Palabras son éstas de testigo presencial, algo más, de quien hizo suya y vivió con el pueblo, con su pueblo, la gran experiencia trágica de la España actual. «Yo he visto», dice Juan Ramón Jiménez, aludiendo sin la menor jactancia a ojos excepcionales, los suyos, de verdadero poeta, que ven en lo profundo. «Como una violenta unión con la verdad» nos define Juan Ramón aquel ímpetu popular que realizó el milagro de Guadarrama y obró, luego, tantas hazañas portentosas, que son hoy el asombro del mundo. En efecto, nuestro pueblo ha necesitado siempre de la violencia; del frenesí entusiasta para unirse con la verdad, con su propia verdad; tantos son entre nosotros los poderes sombríos que contra ella militan, tantos los enemigos de la más humilde como de la más egregia verdad española. Por suerte abundan ya los ojos que la han visto desnuda. Tal ha sido para muchos, para los mejores, la gran revelación de la guerra; la verdad española está en el corazón del pueblo como un arco tendido hacia el mañana, y es hoy una consciente voluntad de vivir en el sentido de la historia.

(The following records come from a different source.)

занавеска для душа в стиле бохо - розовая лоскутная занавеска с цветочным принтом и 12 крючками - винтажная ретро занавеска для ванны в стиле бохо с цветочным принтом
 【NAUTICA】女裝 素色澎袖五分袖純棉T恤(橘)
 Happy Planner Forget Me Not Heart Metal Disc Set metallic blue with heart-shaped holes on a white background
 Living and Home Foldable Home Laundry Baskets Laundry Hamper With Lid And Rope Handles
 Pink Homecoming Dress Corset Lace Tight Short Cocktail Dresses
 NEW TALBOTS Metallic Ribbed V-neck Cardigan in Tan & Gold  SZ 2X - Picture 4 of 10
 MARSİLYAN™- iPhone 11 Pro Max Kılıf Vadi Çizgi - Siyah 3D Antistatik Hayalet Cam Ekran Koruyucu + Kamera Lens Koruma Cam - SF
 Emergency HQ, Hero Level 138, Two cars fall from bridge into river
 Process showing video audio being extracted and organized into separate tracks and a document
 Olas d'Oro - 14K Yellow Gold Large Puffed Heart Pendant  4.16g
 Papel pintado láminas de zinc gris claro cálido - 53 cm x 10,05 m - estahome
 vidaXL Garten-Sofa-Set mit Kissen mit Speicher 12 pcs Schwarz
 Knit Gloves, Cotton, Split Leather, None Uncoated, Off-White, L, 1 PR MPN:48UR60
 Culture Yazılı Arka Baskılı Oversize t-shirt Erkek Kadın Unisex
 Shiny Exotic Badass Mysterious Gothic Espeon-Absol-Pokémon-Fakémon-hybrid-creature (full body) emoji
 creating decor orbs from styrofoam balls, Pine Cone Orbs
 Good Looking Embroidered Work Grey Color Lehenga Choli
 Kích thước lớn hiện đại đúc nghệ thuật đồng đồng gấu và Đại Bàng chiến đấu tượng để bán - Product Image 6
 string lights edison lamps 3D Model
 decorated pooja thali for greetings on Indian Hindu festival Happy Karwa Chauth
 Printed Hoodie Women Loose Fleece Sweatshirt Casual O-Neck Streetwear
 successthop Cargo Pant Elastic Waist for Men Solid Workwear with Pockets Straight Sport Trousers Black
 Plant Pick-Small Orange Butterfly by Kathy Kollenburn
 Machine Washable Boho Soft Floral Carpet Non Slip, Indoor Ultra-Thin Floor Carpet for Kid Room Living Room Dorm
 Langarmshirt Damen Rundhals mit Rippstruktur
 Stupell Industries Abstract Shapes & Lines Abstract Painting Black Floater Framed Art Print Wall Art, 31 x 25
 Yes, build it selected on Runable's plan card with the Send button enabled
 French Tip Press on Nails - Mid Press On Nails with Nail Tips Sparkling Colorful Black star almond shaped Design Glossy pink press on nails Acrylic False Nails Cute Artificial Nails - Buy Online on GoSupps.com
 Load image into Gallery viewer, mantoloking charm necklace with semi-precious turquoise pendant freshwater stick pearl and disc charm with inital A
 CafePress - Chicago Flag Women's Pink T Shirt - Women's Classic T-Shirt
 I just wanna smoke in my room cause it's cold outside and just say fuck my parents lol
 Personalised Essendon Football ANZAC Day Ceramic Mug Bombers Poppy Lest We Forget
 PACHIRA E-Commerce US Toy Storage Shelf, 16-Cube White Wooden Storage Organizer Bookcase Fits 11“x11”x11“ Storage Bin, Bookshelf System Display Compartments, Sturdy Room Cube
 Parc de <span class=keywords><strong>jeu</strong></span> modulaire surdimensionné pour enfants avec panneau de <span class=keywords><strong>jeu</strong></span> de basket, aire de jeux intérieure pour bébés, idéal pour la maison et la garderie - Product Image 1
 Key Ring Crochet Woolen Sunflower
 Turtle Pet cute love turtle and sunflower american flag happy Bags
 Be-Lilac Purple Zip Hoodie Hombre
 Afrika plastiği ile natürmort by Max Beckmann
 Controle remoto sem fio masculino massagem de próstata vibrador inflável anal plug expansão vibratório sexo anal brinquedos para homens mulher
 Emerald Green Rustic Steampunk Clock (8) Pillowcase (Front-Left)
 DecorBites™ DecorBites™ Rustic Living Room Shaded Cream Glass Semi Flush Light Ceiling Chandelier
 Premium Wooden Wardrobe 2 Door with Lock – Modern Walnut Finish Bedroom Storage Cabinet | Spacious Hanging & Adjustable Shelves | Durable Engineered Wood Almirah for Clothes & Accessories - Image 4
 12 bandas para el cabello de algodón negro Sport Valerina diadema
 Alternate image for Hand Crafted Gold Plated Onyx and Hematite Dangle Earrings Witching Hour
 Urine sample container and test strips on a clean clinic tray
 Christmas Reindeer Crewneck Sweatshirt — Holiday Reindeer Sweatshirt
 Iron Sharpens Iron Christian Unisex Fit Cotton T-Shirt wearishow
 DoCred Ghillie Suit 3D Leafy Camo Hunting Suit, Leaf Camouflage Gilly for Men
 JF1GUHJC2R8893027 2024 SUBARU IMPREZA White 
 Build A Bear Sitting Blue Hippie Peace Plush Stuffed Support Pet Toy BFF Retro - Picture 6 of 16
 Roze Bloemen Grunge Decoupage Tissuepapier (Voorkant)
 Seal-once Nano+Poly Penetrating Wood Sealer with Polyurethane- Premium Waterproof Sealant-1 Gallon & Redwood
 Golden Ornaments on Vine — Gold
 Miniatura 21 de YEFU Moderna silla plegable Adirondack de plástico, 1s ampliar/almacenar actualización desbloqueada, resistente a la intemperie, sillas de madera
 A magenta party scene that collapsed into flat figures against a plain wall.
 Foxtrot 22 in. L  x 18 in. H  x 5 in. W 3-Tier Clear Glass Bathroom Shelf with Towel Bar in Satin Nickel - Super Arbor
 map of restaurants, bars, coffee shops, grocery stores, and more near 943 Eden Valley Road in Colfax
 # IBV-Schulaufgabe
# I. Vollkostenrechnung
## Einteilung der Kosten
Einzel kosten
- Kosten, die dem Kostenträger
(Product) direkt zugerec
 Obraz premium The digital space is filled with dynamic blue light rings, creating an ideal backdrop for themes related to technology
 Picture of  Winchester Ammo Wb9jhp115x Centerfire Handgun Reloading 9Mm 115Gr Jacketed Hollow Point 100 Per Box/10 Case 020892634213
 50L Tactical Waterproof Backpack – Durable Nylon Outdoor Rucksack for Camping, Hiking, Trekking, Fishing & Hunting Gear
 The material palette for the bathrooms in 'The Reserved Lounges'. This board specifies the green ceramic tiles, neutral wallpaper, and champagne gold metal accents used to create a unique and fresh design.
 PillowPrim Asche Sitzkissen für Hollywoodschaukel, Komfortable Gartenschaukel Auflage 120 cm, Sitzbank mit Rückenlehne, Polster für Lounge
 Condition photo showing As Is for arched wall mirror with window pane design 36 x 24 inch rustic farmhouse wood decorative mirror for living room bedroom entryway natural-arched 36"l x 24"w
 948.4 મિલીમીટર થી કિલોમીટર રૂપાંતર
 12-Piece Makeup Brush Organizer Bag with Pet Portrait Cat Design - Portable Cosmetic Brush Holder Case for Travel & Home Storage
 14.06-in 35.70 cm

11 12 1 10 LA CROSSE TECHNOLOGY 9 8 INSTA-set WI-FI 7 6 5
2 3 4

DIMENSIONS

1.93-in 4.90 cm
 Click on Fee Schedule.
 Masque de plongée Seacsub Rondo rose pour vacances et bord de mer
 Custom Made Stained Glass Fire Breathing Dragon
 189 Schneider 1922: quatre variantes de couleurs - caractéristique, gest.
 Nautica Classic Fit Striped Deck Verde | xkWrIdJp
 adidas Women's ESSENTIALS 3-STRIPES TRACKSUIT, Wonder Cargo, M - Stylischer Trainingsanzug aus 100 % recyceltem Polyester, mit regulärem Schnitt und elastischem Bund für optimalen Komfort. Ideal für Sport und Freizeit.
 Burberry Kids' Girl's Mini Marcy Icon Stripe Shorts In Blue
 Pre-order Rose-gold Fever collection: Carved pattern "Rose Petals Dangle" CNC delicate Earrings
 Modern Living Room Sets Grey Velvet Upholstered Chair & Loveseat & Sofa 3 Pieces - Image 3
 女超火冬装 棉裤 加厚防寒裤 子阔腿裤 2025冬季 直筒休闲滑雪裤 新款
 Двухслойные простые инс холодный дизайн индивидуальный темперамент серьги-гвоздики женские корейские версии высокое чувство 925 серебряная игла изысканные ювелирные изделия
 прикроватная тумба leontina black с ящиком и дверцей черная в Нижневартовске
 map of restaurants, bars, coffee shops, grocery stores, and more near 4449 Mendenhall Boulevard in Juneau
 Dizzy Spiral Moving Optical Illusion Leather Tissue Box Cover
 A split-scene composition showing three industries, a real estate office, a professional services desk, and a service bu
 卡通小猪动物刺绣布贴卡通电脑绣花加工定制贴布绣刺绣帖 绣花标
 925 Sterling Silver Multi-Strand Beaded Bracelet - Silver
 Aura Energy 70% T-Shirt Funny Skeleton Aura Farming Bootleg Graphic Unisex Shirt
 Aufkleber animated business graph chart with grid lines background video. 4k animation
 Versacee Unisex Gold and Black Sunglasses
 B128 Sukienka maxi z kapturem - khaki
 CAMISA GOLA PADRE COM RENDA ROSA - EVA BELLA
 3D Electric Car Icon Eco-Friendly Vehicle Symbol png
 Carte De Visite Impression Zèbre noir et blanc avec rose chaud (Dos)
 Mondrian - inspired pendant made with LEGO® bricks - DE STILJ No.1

Cuando Juan Ramón escribió las nobles palabras transcritas, eran los días en que la contienda que ensangrienta a España nos aparecía con vagos caracteres de guerra civil entre dos categorías de españoles, o, si queréis, entre dos Españas: la España popular, ávida de nuevas experiencias humanas, España viva y, por ende, incapaz de vivir a retrotiempo, y la España desmayada y sombría, tantas veces cobarde ante la historia, que invoca vanamente una tradición de cultura que ella nunca hubiera contribuido a crear, y cuya tradición verdadera está hecha de renuncias, fracasos y traiciones: una España triste que alguien, no yo, llamará burguesa, con adjetivo sobradamente holgado para su mezquindad, una España de viejas infecundas, que compró al hambre africana los brazos que habían de defenderla.
La guerra civil, tan desigual éticamente, pero, al fin, entre españoles, ha terminado hace muchos meses. España ha sido vendida al extranjero por hombres que no pueden llamarse españoles: quien vende a su patria se desnaturaliza y ha de sobreentenderse que renuncia a su patria para buscar cobijo en la patria del comprador. De suerte que ya no hay más que una España, invadida, como otras veces, por la codicia extranjera y, como otras veces, a solas con su pueblo y con su destino, quiero decir con su razón de ser en lo futuro, para luchar sin tregua ni desmayo por su propia existencia, contra dos potencias criminales, tan fuerte como viles, que le han salido al paso en la más peligrosa encrucijada de su historia.
Mucho alienta escuchar las voces de los buenos --su claro timbre español--, en los momentos más trágicos, que han de ser también los más fecundos, de esta magnífica soledad española.
Antonio Machado, La Guerra. Escritos: 1936-39. Ed. por Julio Rodríguez Puértolas y Gerardo Pérez Herrero.
Madrid: Emiliano Escolar Editor, 1983.